Allied to the notion of public transparency is that of market transparency [19:9]. Market transparency measures include the 2013 European electricity market transparency regulation 543/2013, intended to improve market liquidity and system security and also the standing of minor players [20]. The regulation requires that transmission system operators and wholesale market operators collectively gather, aggregate, and publish both electricity market and system reliability information. The machine use of this data, but not its republication, is permitted (discussed later). Moreover, the datasets thus provided need only be made available for five years and can then go dark.²

Paywalled research literature presents a significant barrier to public transparency, while unembargoed open access (OA) publishing promotes scientific reproducibility and open development. Free-of-charge provision of material under standard copyright and OA publishing under open content licenses are distinct concepts with differing objectives and attributes [21].

3. Scientific reproducibility

Replication is the “ultimate standard by which scientific claims are judged” [6:1226]. Replication, in the context of energy system modeling, would mean reimplementing the software and collecting the input data anew. As a consequence, replication in the computational sciences is rarely feasible, so reproducibility represents the minimum attainable standard. Reproducibility means taking the existing code and data and repeating the analysis. Even so, reproducibility is no guarantee that the original results are correct and the conclusions valid.

The reproducibility spectrum ranges from making only the source code available to providing the code, make files, datasets, and executables [6:1226]. Ince et al. [22] argue that code must be published for reasons of reproducibility, although remain silent on the question of licensing. But other researchers must be legally free to experiment with the code and data. Some practitioners believe reproducibility requires a step change in scientific culture, covering research practices, incentives, funding policies, and publishing norms [23].

In the context of energy system modeling, DeCarolis et al. [4:1850] argue that repeatable analysis can only be achieved when the source code and datasets are jointly placed under publicly accessible version control so that independent researchers can select, run, and check specific model instances.

The right to inspect, use, modify, and republish the code and data are fundamental conditions for scientific reproducibility. Only open licensing can guarantee these conditions.

4. Open development

The third motivation is open development. Open development is shorthand for the use of internet-mediated open source development techniques and practices. Key attributes of open projects include: unrestricted participation, status through contribution, extreme transparency, an emphasis on consensus with voting as a last resort, and minimal but sufficient governance [24]. Open development has its roots in the free software movement, which has produced the GNU/Linux system, the GNU GCC compiler, and the LibreOffice suite, to name but some.
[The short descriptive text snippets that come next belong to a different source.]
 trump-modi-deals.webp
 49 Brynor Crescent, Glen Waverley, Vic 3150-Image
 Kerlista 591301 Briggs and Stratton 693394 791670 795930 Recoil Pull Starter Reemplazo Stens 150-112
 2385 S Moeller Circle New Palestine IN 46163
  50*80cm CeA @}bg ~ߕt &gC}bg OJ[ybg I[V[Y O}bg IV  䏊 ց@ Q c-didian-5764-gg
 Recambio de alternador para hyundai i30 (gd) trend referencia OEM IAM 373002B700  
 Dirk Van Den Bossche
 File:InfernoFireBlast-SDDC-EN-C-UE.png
Open development forms a part of the nascent collaborative commons, a term coined by Rifkin [25] which is mostly digital in nature and enabled by internet technologies. Raworth [26] predicts an increasing role for this new sector, placing it alongside the state and the conventional economy in terms of importance in the sustainability age.

The relationship between open development and the scientific method is an interesting one. Eric Raymond [27] attributes the success of complex open source software projects like the Linux kernel, currently numbering 1600 developers, to the “massive independent peer review” process that accompanies such projects [28]. Notwithstanding, the degree to which open source development practices can contribute to the computational sciences remains largely unknown.

Some of the characteristics (and excitement) of open development are captured by Linux kernel developer Greg Kroah-Hartman recounting his first experiences of contributing code [29:14]:

I wrote a driver over the weekend and submitted it, and I swear within an hour people came back pointing out problems and telling me: “This is wrong, this is wrong, this is wrong”. It felt awesome. They were critiquing my code, and I was learning from it, so I said: “Yes, you are right. This is wrong, this is wrong, and this is wrong”. I iterated and fixed problems with it. It got accepted into the kernel. It was fun. I think feedback is very important. That feedback loop of people pointing out errors or problems with what you’re doing is [a] very traditional, I guess scientific, method. And I love it. That’s how we get better.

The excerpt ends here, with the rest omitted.